Comparison of different reactors
Main features based on which various types of existing reactors differ:
- Fuel the part of which is represented by fission material.
- Moderator necessary for maintaining the fission reaction.
- Coolant collecting the heat produced in the reactor and transferring it to a steam generator.
From the technological viewpoint, there are three main reactor types that have been used in commercial operation. Detailed description of each type will appear once clicking on it:
1. Gas cooled reactor
Gas Cooled Reactor (GCR) and Advanced Gas-cooled Reactor (AGR) use uranium as a fuel, graphite as a moderator and compressed carbon dioxide as a medium for a heat transferring liquid. These types were developed for industries in Great Britain and France. There are 15 GCR/AGR reactors operated today.
The RBMK type uses uranium and graphite like GCR, but differs by the heat transferring liquid – its uses water instead of gas. This type was developed in the former Russian Federation, and there are still 15 reactors operating at the moment.
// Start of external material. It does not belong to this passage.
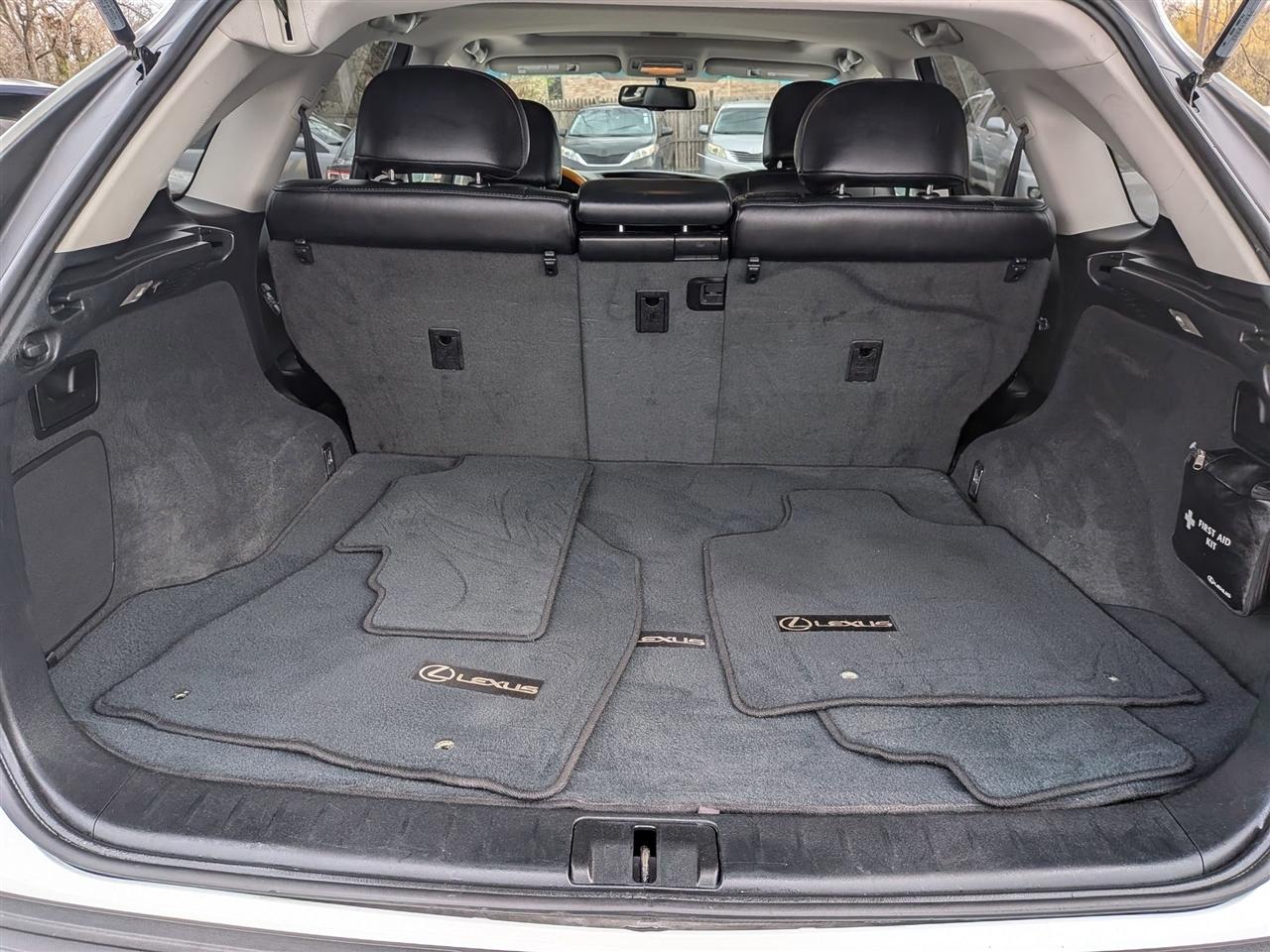 Lexus RX 350 4D SUV AWD 2011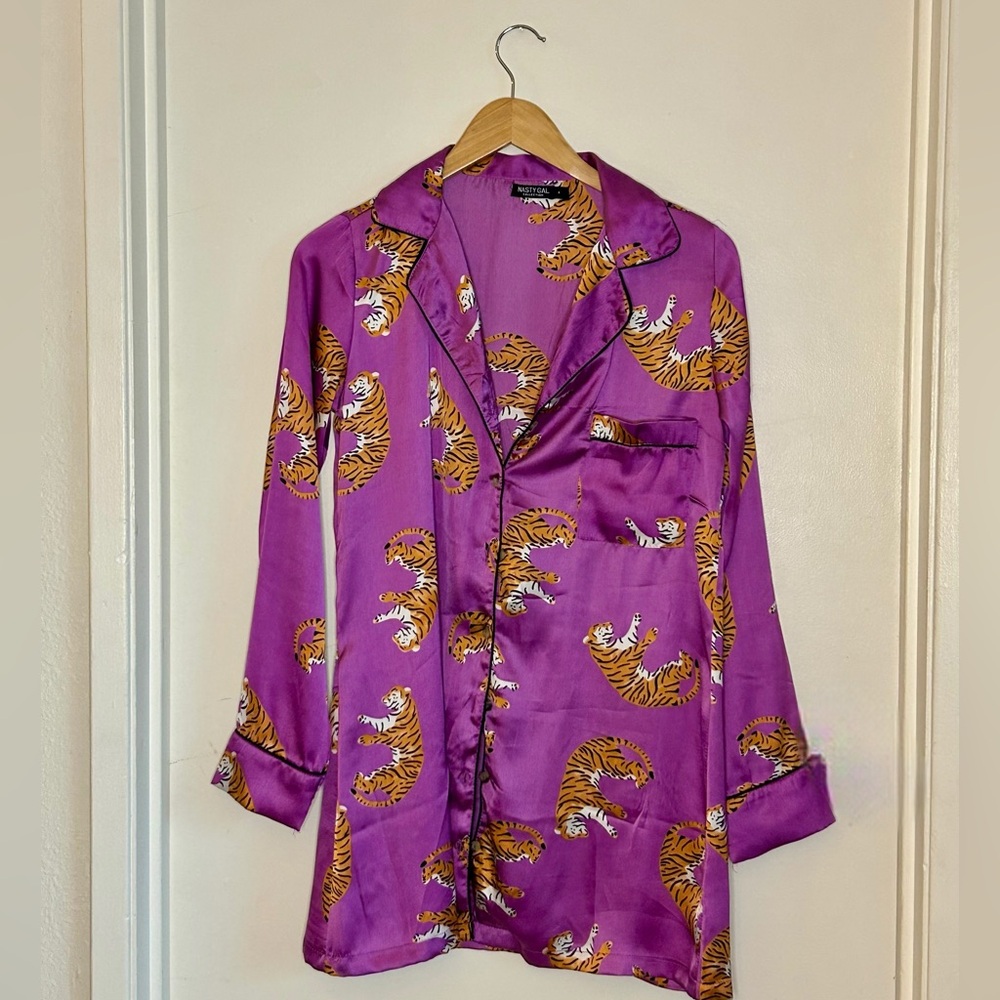Nasty Gal - Silky Top with Tiger print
2. Pressurized Heavy Water Reactor
Pressurized Heavy Water Reactor (PHWR) uses natural uranium as a fuel, heavy water (i.e. water having deuterium isotope instead of hydrogen) as a moderator, and compressed heavy water as a coolant.The industrial reactor of this type is the Canadian Deuterium Uranium (CANDU), and its derivative works projects of similar type. Currently, there are 49 operating reactors in the world, beside Canada mainly in Asia.
3. Light Water Reactor
Light Water Reactor (LWR) has clearly experienced the biggest success of all reactor types. It uses normal water as a moderator and also as a heat transferring liquid and enriched uranium as a fuel. The LWR type is divided to two main types:
- Boiling Water Reactor (BWR),
- Pressurized Water Reactor (PWR).
BWR is a reactor with direct cycle with heat and steam generation directly in the reactor pressure vessel. It does not have isolated circuits (primary and secondary) but only one where the same water is used as moderator and as coolant changing to high-pressure steam, which drives a turbine. If compared with the competitive pressurized water reactor, the advantage is higher simplicity of the system but the disadvantage is more complicated design of the reactor pressure vessel and more complicated control system. There are 78 BWR type power plants operated worldwide at present.
PWR is a reactor with indirect cycle, i.e. primary circuit pressurised water as a moderator and a coolant does not rotate turbines but transfers its thermal energy to the water of the secondary circuit in the so-called steam generator, where high-pressure steam used for electricity generation is produced. The advantage of separation of these two circuits is that the steam in the turbine will never come into contact with the nuclear fuel so it does not contain any fission products. PWRs are the most used reactors: there are 279 operated today.
The PWR type encompasses also the Russian Water-Water Energy Reactor (VVER). Four such reactors are operated by Enel in Slovakia at Bohunice and Mochovce power plants. It differs from the Western reactors only by a different engineering design: the primary circuit consists of 6 loops, i.e. six primary pipes with six separate steam generators arranged horizontally around the reactor.
Except for the three already mentioned types, there were other two developed as well:using high-temperature gas with several prototypes built in the USA, Germany, Great Britain and Japan, and Fast Breeder Reactor (FBR) with ten prototypes constructed (USA, France, Great Britain, Germany, Japan and former USSR), and one large power plant Superfenix with the capacity 1,200 MW put into operation in France in 1986 and definitively closed in 1996. No fast breeder reactor is operated today in the European Union.
Almost all commercially operating reactors are based on one of the basic water-cooled designs above. However, Advanced or Generation III+ reactors are seen in the new reactor builds and expansion plans today. Most Generation III+ reactors are larger than their predecessors and are aimed at producing in well excess of 1,000 MW of electricity.
Their designs have been built upon the half-century of knowledge and operational experience from preceding nuclear systems to:
- increase safety, fuel efficiency, operating lifecycles and output capacities,
- decrease capital and operating costs and,
- reduce radiological waste products.
At the same time, parallel development in small, modular reactors (SMRs), better suited for lower demands in more isolated locations and modest budgets, has also occurred. Small reactors are designed to produce up to 300 MW and are very diverse in their technology. The most advanced are under development by companies in the USA, Russia, China, France, Argentina and South Korea.
Even as new Generation III+ reactors begin to slowly come online, nuclear scientists from around the globe are working collaboratively on Generation IV reactors designs. Six conceptual reactor designs are being researched. It will be several decades before even the most promising design(s) would be developed to testing stages.